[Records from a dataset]
——
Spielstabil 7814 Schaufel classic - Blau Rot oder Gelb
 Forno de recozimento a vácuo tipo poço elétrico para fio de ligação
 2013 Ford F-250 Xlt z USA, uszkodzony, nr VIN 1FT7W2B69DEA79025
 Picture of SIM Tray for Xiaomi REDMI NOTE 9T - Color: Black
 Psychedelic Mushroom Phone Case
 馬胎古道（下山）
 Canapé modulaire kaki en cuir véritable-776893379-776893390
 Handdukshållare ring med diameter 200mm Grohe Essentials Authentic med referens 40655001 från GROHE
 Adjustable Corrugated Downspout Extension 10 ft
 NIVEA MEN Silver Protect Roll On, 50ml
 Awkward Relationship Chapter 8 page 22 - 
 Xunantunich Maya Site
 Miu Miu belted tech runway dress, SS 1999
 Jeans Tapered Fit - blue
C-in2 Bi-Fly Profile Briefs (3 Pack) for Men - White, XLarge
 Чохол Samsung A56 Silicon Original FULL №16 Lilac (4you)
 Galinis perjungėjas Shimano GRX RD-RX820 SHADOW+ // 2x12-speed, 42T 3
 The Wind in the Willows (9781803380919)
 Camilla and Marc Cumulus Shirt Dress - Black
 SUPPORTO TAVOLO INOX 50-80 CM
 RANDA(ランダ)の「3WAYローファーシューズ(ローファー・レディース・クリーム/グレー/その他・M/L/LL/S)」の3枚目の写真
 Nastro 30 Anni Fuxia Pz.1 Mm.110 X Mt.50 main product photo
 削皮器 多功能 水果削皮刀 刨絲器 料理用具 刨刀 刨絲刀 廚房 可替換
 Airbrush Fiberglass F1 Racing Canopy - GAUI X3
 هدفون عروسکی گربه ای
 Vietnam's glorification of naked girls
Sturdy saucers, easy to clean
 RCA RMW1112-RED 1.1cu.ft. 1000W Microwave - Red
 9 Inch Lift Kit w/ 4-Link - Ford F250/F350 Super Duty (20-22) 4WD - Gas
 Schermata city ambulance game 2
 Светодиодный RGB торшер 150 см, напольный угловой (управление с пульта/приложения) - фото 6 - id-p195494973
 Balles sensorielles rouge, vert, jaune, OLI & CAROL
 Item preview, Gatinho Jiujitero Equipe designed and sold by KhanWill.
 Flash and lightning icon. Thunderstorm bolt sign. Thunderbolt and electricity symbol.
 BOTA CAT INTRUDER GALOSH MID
——
**PROBLEM REQUIREMENTS**
Take the records above and return, word for word, only the lines that fall from the line with "Jeans Tapered Fit - blue" to the line with "RCA RMW1112-RED 1.1cu.ft.", both of them included.

**TASK RESULT**
 Jeans Tapered Fit - blue
C-in2 Bi-Fly Profile Briefs (3 Pack) for Men - White, XLarge
 Чохол Samsung A56 Silicon Original FULL №16 Lilac (4you)
 Galinis perjungėjas Shimano GRX RD-RX820 SHADOW+ // 2x12-speed, 42T 3
 The Wind in the Willows (9781803380919)
 Camilla and Marc Cumulus Shirt Dress - Black
 SUPPORTO TAVOLO INOX 50-80 CM
 RANDA(ランダ)の「3WAYローファーシューズ(ローファー・レディース・クリーム/グレー/その他・M/L/LL/S)」の3枚目の写真
 Nastro 30 Anni Fuxia Pz.1 Mm.110 X Mt.50 main product photo
 削皮器 多功能 水果削皮刀 刨絲器 料理用具 刨刀 刨絲刀 廚房 可替換
 Airbrush Fiberglass F1 Racing Canopy - GAUI X3
 هدفون عروسکی گربه ای
 Vietnam's glorification of naked girls
Sturdy saucers, easy to clean
 RCA RMW1112-RED 1.1cu.ft. 1000W Microwave - Red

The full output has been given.